- Available data -
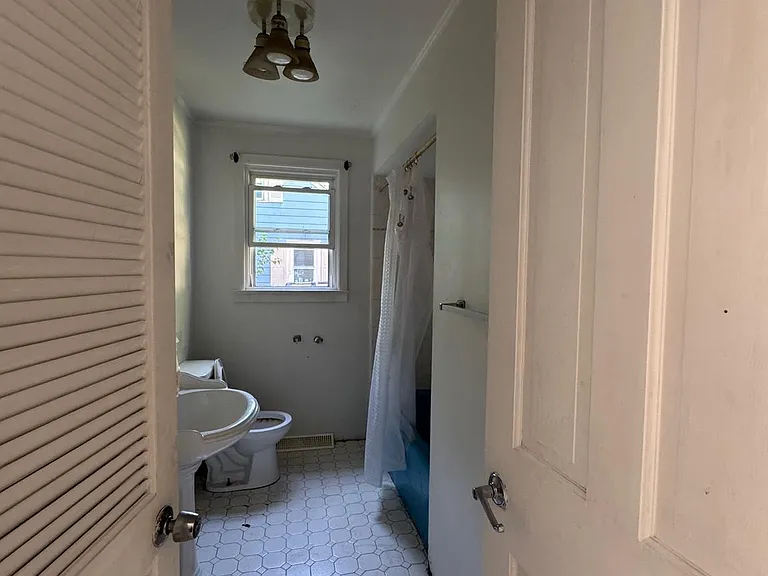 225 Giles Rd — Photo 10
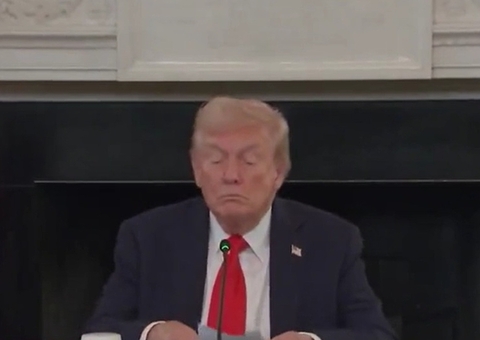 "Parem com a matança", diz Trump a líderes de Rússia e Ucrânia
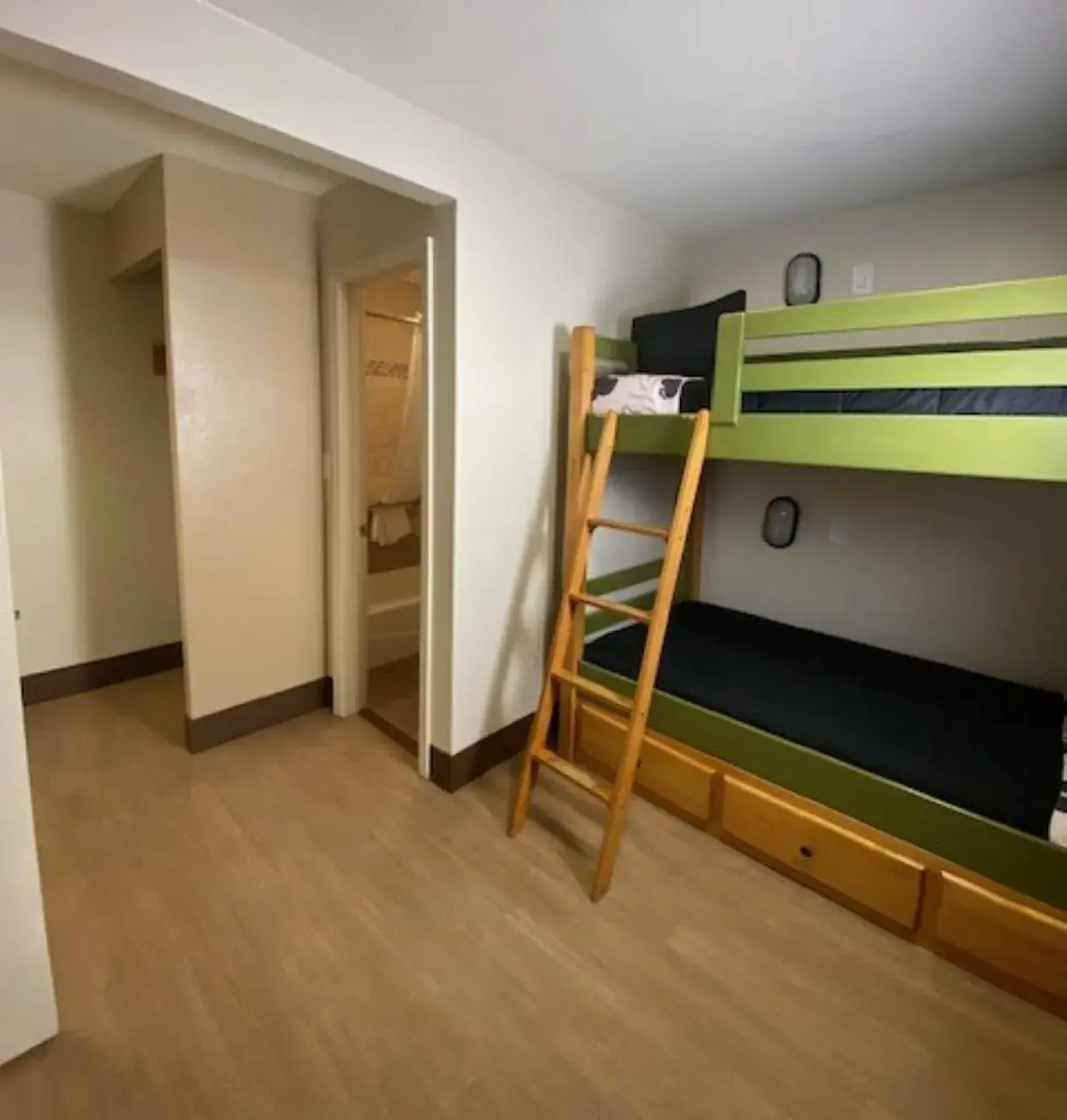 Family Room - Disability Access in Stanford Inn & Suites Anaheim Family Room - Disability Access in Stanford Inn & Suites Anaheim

- Exercise -
Repeat the material above exactly. Leave every picture out of it.

- Result for this exercise -
 225 Giles Rd — Photo 10
 "Parem com a matança", diz Trump a líderes de Rússia e Ucrânia
 Family Room - Disability Access in Stanford Inn & Suites Anaheim Family Room - Disability Access in Stanford Inn & Suites Anaheim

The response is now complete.